(Beginning of DATA SEGMENT)

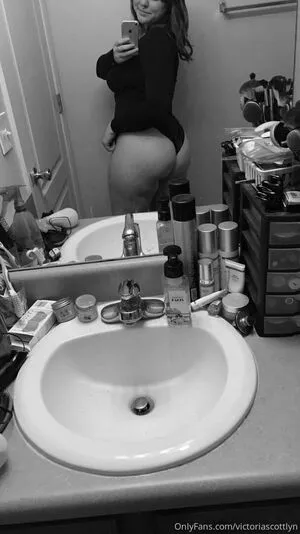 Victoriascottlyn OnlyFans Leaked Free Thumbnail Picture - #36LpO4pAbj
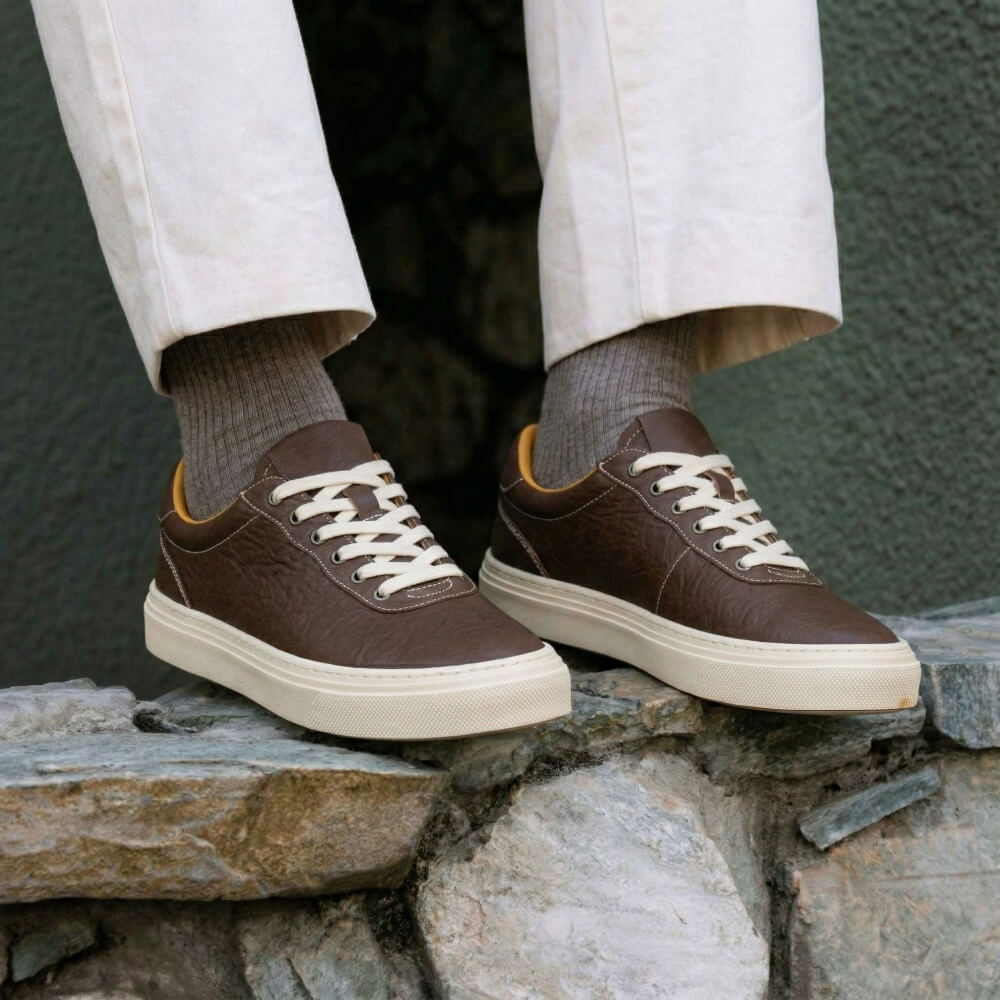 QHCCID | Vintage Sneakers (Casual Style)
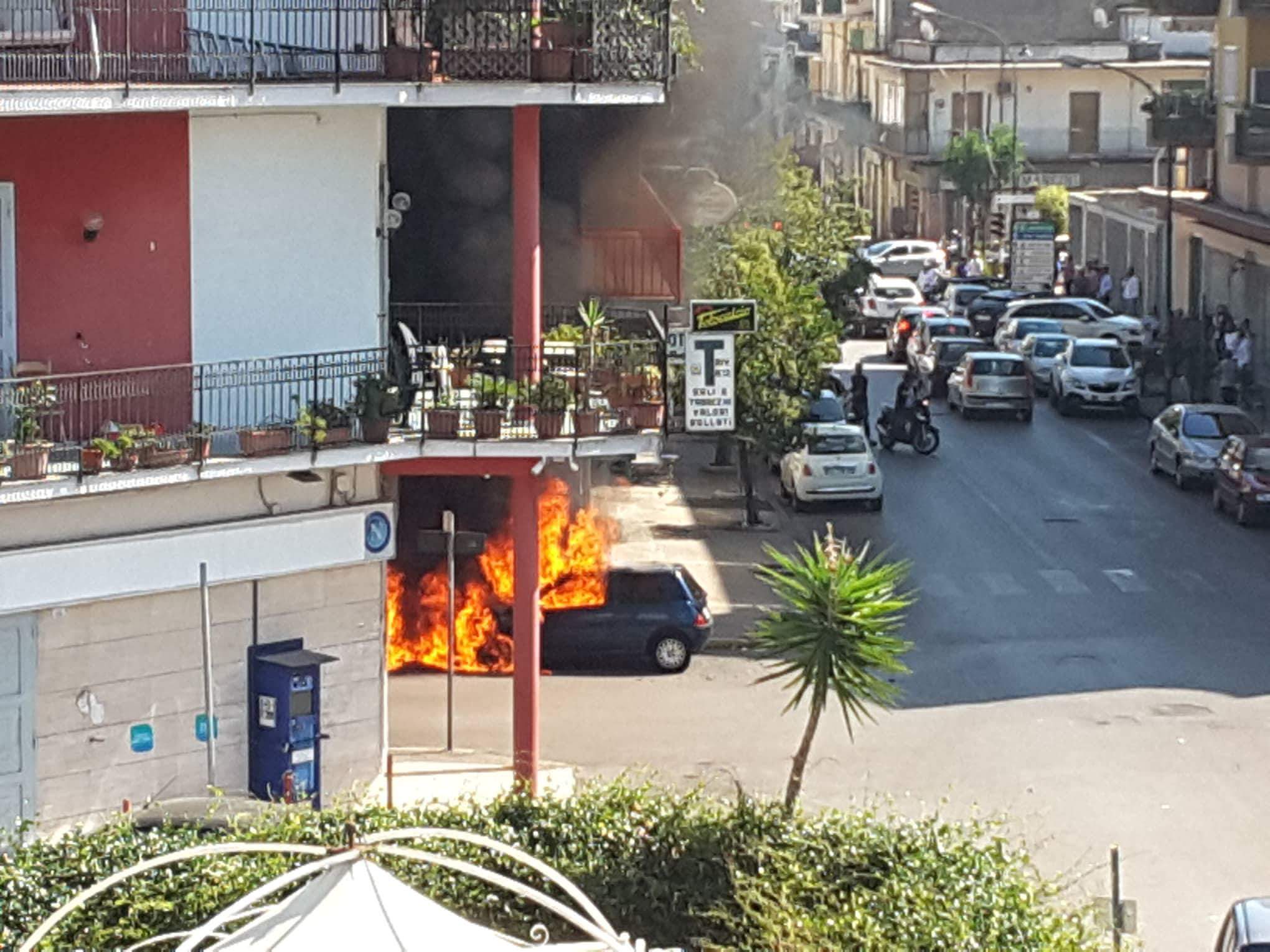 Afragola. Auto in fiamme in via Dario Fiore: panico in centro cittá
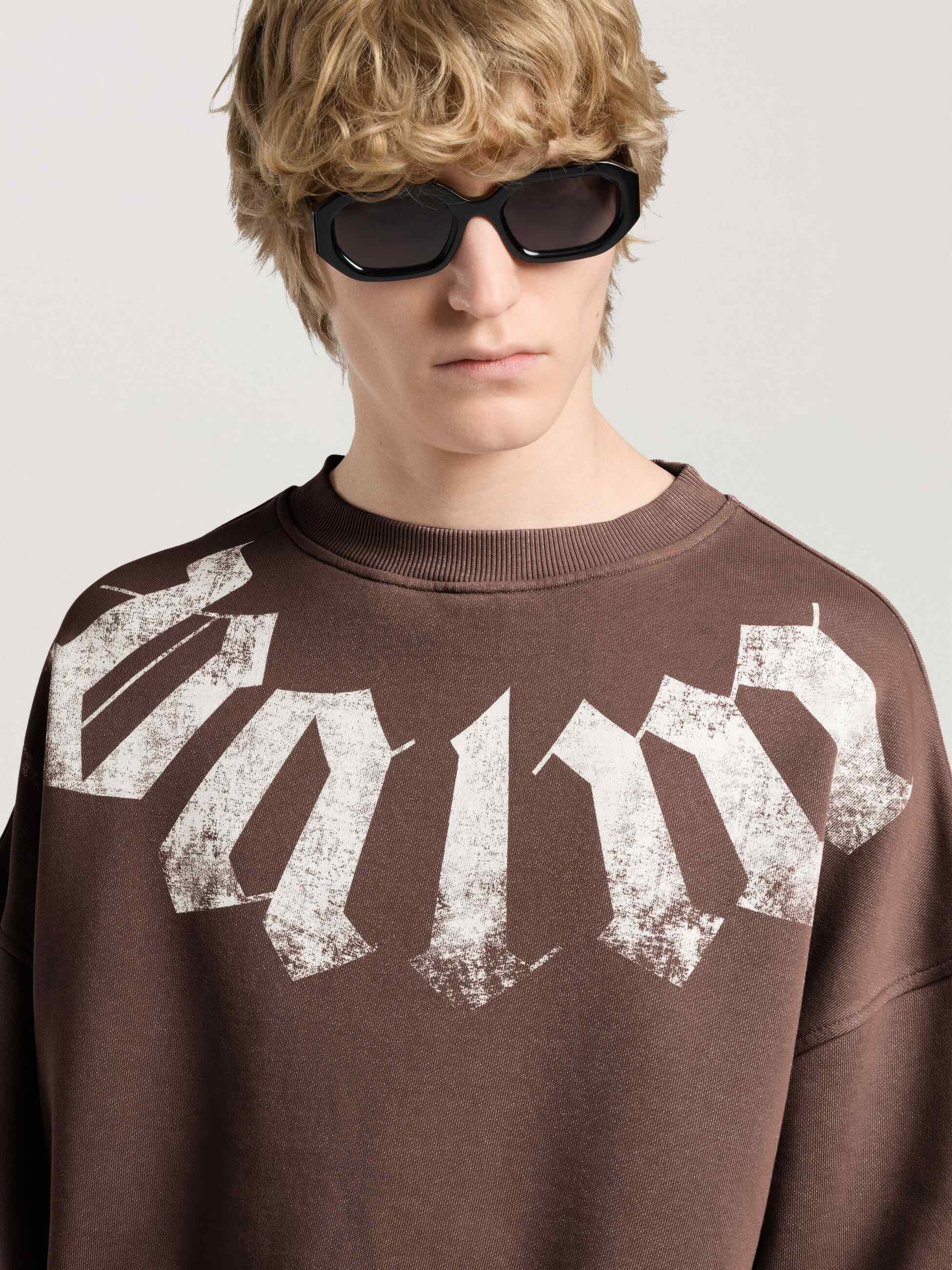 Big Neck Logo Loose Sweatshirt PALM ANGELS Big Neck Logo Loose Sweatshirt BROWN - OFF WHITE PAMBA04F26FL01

(End of DATA SEGMENT)

WHAT YOU NEED TO DO:
What you give back should be the full material above, retyped exactly, with every image removed.

RESULT BELOW:
 Victoriascottlyn OnlyFans Leaked Free Thumbnail Picture - #36LpO4pAbj
 QHCCID | Vintage Sneakers (Casual Style)
 Afragola. Auto in fiamme in via Dario Fiore: panico in centro cittá
 Big Neck Logo Loose Sweatshirt PALM ANGELS Big Neck Logo Loose Sweatshirt BROWN - OFF WHITE PAMBA04F26FL01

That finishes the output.